By Katie Stephens, '12
When it came to the study abroad application process, I thought that dealing with the program bureaucracy would be the worst part; wrong! I was extremely stressed during the few precious days I had at home in Michigan this past summer (I spent some time in Suriname with an Albion Honors class, then traveled in the U.S). I had a lot to get in order while making time to see family and friends in between plane rides. The time passed quickly and it was the day for saying good-bye. I was very apprehensive about this change of scenery, and to be blunt, I was not excited to leave.
After crying many tears in the Detroit airport, I felt immediate relief in the Chilean airport, meeting students going with me to the Center for Cross-Cultural Studies (CC-CS) in Córdoba, Argentina, and realizing that I was not the only completely overwhelmed student.
The change from living in a city of less than 80,000 to one that hosts millions was a lot to handle for me at first. I had to rely on the public bus system, navigate a campus that has about 110,000 students and, most of all, utilize another language.

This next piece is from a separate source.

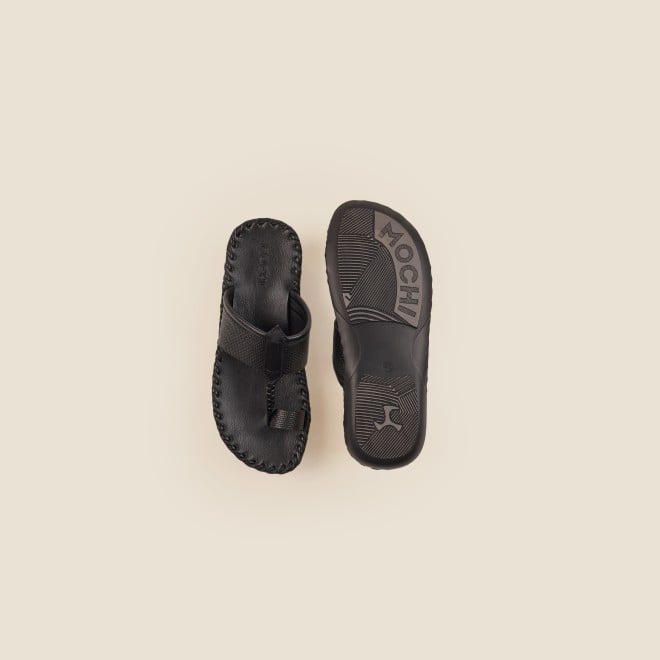 Mochi Men Black Casual Sandals (SKU: 16-955-11-40)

Before coming to Argentina I was very confident with my Spanish and thought that I would have more difficulties with the culture shock than the language barrier. But I was not informed that "Spanish" is not spoken here—the locals speak “Cordobés"! This is a running joke in my program; we all have dealt with the same issues of understanding the dialect, which is distinct to Argentines outside of the province. For example, when I was traveling in Patagonia, I actually had a hostel owner ask me where I learned Spanish because she “could swear that I was born in Córdoba." So now I can proudly say I am Cordobesa!

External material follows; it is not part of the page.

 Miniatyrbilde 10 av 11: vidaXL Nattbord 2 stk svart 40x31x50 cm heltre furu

I have adapted to the distinct use of Spanish here and am working on the cultural nuances of Argentina. The first thing people tend to ask me is “What do you like the most about Argentina?” Well, the culture here encourages people to have close relationships and be open to one another. Literally after four days of being in Córdoba, I was already getting invited to friends-of-friends’ houses for dinner, going to the park to drink maté (a cultural experience in itself) and being helped by people on the streets before getting lost. I now find myself greeting everyone with a kiss on the cheek and quickly giving up my seat on the bus … things that seemed so foreign to me when I first arrived.
During my few short months here in Argentina. I have become much more independent, while still creating some of the closest bonds that I would have never expected. I thought before, “Okay, I have traveled a lot; studying abroad should not be that big of a challenge," but this was the first time I got on a plane completely alone or managed my grocery money; something an “independent” college student does not have to do when on board on campus.
I have met so many great people along the way. One of the coolest things about studying abroad is having a fixed group of people who have the same interests as you: traveling, languages and adventure. The Argentine students are always excited to learn about us and ready to invite us out on the weekends. My parents tend to find themselves asking if I actually study here because I am constantly talking about new people that I have met and plans that I have with them for the following day.
Being in Argentina has liberated me from trying to fit my life into a perfect little box like I always did before. All of my mentors regretted not studying for the academic year, and I went with my gut instinct and took the dive in for another semester to better my Spanish and also work with an English teacher to help with her classes. I couldn't be more excited about what adventures are to come.